Era de un tono verde turquesa pálido, similar al de los uniformes de los cirujanos. Al verla de nuevo un escalofrío me recorrió la espalda. «Estuvo a punto de morir», era siempre la última frase de la historia. Durante años me había preguntado por qué razón, si la historia versaba sobre mi padre, mi madre siempre terminaba convertida en la protagonista absoluta.

Llené el recipiente con agua muy caliente y añadí un chorro de lavavajillas. Si mi madre estaba cubierta de grasa, ¡aquel jabón prometía eliminar hasta la última gota! Cerré el grifo, alcancé la esponja para lavar los platos y un trapo y me arrodillé para comenzar mi tarea.

Decidí empezar por abajo e ir subiendo.

Le quité las medias de compresión antiembólicas y las enrollé, resistiendo la tentación de lanzarlas por encima de su cuerpo y a lo largo del pequeño pasillo que daba al salón.

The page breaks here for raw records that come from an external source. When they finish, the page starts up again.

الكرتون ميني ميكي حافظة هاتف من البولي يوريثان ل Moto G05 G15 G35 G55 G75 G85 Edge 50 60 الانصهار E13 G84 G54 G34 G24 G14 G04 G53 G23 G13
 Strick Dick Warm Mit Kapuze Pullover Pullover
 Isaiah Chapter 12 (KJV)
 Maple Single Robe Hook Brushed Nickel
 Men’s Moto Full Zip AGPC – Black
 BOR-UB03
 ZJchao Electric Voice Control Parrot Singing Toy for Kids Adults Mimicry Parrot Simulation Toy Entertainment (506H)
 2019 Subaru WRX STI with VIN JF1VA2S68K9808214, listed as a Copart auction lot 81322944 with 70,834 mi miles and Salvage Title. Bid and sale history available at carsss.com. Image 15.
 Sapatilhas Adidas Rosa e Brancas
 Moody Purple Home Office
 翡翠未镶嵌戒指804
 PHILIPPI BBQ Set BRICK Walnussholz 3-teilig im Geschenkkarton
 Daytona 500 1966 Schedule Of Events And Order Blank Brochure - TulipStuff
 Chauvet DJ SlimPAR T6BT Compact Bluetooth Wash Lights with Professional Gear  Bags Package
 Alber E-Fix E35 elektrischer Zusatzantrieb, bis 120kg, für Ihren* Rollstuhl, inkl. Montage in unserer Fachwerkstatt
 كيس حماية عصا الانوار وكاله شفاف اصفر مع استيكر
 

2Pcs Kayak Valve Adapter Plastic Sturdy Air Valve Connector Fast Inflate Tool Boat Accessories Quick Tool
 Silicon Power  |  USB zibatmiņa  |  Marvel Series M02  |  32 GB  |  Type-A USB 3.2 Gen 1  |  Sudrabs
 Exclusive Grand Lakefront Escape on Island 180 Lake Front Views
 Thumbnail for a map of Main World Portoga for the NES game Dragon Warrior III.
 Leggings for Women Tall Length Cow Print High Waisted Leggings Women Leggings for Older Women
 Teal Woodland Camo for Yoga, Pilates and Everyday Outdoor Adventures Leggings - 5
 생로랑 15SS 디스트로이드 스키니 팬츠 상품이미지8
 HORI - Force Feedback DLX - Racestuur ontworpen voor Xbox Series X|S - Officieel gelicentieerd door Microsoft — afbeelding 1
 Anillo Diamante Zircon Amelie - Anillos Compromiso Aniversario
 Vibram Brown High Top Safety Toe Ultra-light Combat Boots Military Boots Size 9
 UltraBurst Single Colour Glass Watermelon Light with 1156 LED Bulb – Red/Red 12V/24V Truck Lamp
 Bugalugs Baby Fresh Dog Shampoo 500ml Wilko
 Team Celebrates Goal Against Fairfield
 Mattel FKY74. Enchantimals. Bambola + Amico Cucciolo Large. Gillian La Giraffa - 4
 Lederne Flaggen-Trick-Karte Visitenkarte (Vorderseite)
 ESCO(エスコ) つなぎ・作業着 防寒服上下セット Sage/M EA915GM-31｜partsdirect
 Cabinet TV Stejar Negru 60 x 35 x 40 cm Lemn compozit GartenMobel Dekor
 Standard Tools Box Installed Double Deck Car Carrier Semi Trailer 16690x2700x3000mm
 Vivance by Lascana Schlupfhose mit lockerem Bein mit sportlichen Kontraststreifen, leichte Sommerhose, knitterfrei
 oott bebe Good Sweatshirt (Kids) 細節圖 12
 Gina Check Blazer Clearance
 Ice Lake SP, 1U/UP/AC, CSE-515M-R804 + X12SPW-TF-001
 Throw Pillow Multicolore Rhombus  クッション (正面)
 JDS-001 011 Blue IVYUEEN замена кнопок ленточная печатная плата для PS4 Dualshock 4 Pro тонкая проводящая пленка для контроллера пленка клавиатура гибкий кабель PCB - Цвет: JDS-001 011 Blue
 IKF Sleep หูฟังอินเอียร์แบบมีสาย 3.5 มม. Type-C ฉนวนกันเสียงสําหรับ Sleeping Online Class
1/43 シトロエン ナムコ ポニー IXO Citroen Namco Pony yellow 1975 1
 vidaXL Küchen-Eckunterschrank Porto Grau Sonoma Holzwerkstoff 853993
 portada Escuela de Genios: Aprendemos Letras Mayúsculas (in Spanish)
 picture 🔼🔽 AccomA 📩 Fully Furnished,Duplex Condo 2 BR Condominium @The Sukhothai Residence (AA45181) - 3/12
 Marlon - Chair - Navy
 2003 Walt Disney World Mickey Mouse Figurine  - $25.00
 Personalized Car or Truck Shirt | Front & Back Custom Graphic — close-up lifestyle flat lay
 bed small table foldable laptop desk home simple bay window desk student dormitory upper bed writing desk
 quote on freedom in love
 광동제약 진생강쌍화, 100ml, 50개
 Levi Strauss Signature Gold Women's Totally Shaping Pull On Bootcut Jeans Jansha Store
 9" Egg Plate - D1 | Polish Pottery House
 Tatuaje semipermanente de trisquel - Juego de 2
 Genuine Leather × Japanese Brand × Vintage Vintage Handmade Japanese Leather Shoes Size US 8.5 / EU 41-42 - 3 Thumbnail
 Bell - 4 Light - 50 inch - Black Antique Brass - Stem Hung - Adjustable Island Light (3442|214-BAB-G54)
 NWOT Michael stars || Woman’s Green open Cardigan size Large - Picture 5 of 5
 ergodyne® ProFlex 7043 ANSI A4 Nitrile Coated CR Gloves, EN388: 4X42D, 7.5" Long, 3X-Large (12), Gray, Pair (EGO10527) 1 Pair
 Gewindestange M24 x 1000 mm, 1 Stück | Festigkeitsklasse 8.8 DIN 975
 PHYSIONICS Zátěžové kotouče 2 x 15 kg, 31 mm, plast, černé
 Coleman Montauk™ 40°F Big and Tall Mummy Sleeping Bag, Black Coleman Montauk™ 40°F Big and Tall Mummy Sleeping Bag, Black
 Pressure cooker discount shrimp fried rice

Con puntería y la suficiente fuerza en el brazo podría haberlas metido en la cesta de madejas de hilo que había junto a su sillón de orejas. En lugar de eso, las dejé a un lado y me dije que ya me ocuparía de ellas más tarde.

Allí estaban los dedos de sus pies, delicados a la vista. Llevaba años acostumbrada a ellos. A la señora Castle no podíamos pedirle que le cortara las uñas, de modo que un domingo al mes me acercaba para cumplir con mis funciones de auxiliar de mantenimiento y le limpiaba y recortaba aquellos lugares a los que ella ya no llegaba. Ocuparme de sus pies se convirtió en una forma peculiar de revivir el pasado, una especie de reposición en la que yo, en absoluto silencio, desaparecía de la habitación y mi cuerpo entero se comportaba como alguna vez lo había hecho su mano. Le pintaba las uñas de un tono coral de Revlon que, si bien no era exactamente el mismo que ella misma se había aplicado una vez a la semana durante cuarenta años, se parecía tanto que jamás fue motivo de comentario ni de queja.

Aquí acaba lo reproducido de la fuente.